Post Traumatic Stress Disorder (PTSD)
What is PTSD?
Post Traumatic Stress Disorder, often shortened to PTSD, is the name given to a set of symptoms that some people develop after experiencing major traumatic events.
The traumatic event can be a single incident or take place over many months or years. Many people think of PTSD as something that affects people who have had traumatic experiences while serving in the military, but it can affect anyone who has experienced a traumatic situation. The condition can be brought on by events such as serious traffic accidents, rape or sexual abuse, domestic violence, physical assault, torture, traumatic childbirth, witnessing a violent death or virtually any other situation that is exceptionally threatening or catastrophic and likely to cause distress in almost anyone.
Up to one third of people who have experienced a traumatic event develop some PTSD symptoms. Studies estimate that around 7% of people will suffer from PTSD at some point in their lives. Other problems such as depression and anxiety disorders are common alongside PTSD. Increased alcohol use and drug use can also become a problem for some people.
Symptoms of PTSD
PTSD sufferers often experience repeated and intrusive distressing memories of the event. There may also be a feeling of reliving (or ‘re-experiencing’) the event through ‘flashbacks’ or ‘nightmares’, which can be very distressing and disorientating. There can also be physical reactions such as shaking and sweating.
Because these memories can be very intense and upsetting, some PTSD sufferers may avoid people or situations that remind them of the trauma, or try to ignore the memories and avoid talking about what happened. Some people may also forget significant parts of the traumatic event.
Other people will think about the event constantly, which stops them coming to terms with it (they may, for instance, ask themselves why the event happened to them or how it could have been prevented).
PTSD sufferers may have emotions or feelings that are difficult to deal with, such as guilt or shame, or they may feel that they do not deserve help.
They may also feel anxious or irritable, and find it difficult to concentrate and sleep. Increased jumpiness and vigilance can also be present. For some people it can mean that doing ordinary things like going to work or school or going out with friends become very difficult.
If you think you might have PTSD you should first see your GP who will perform an initial assessment.
Depending upon the outcome of this, your GP will decide whether you need a referral to a primary care mental health worker, your local Community Mental Health Team (CMHT) or another service, depending on your needs.
If you are referred to your local CMHT you will receive a further more detailed assessment, and you may then be referred on to a specialist traumatic stress service or receive help from within the team.
Psychological therapies are considered to be the most effective treatments for PTSD. In particular, there is good evidence that two types of psychological treatments which focus on the traumatic event called Trauma Focused Cognitive Behavioural Therapy (TFCBT) and Eye Movement Desensitisation and Reprocessing (EMDR) are effective. Both techniques have been shown to reduce the symptoms and the distress experienced by PTSD sufferers.

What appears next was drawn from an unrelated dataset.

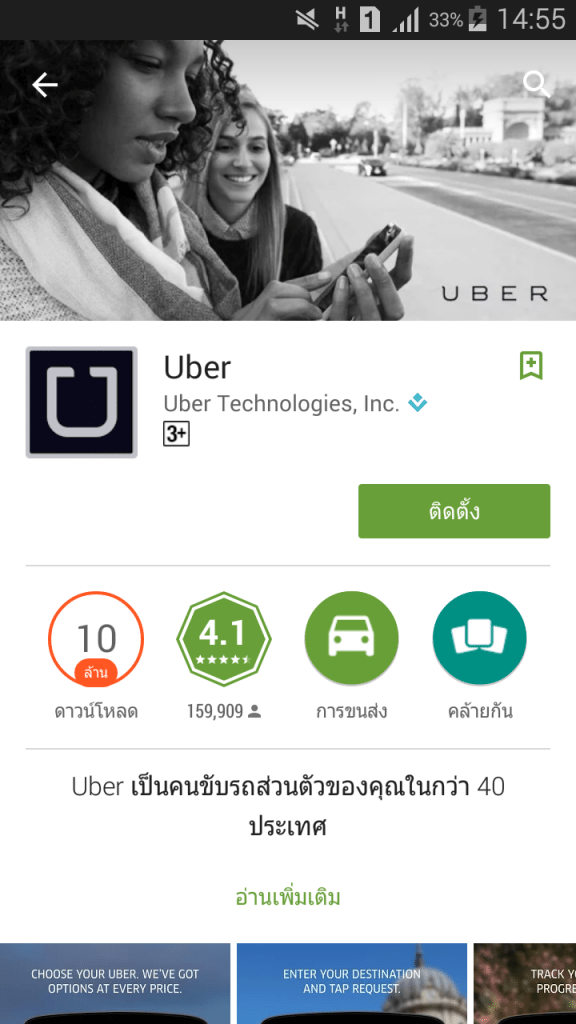 ๊Uber App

The term TFCBT encompasses a number of forms of Cognitive Behavioural Therapy (CBT). Broadly speaking, these treatments help the sufferer to confront their traumatic memories often through talking and writing about the event.
TFCBT helps individuals to identify and challenge negative feelings and thoughts, including ideas related to feelings of guilt and shame. The treatment can also involve gradually returning to avoided activities that have become frightening because they are connected in some way with the trauma.
EMDR techniques can help people with PTSD to confront their traumatic memories. The individual is asked to focus on memories, thoughts, feelings and sensations associated with the trauma, whilst also focusing on something else at the same time. Usually the other focus is on following movements of the therapist’s finger.
Other treatments such as medication and stress management techniques are sometimes used to treat PTSD and can be helpful, although these have not been shown to be as effective as TFCBT or EMDR.